-- Opening Marker --

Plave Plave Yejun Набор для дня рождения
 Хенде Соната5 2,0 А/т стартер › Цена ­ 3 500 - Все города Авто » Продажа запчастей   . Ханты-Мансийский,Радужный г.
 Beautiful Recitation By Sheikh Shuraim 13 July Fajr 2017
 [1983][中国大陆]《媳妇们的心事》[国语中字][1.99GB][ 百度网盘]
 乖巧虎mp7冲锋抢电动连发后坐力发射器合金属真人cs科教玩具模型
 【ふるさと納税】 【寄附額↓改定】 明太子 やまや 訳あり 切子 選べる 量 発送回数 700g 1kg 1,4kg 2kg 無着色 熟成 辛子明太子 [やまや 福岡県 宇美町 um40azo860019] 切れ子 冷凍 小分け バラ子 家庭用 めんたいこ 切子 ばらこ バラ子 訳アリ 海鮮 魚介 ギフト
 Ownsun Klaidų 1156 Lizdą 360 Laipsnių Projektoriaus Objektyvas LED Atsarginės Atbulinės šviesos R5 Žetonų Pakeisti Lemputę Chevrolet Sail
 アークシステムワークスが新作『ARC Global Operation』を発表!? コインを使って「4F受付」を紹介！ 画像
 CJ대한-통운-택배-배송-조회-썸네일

-- Closing Marker --

Reproduce exactly what appears from the line containing "アークシステムワークスが新作『ARC Global Operation』を発表!?" down to the final line of the data.

 アークシステムワークスが新作『ARC Global Operation』を発表!? コインを使って「4F受付」を紹介！ 画像
 CJ대한-통운-택배-배송-조회-썸네일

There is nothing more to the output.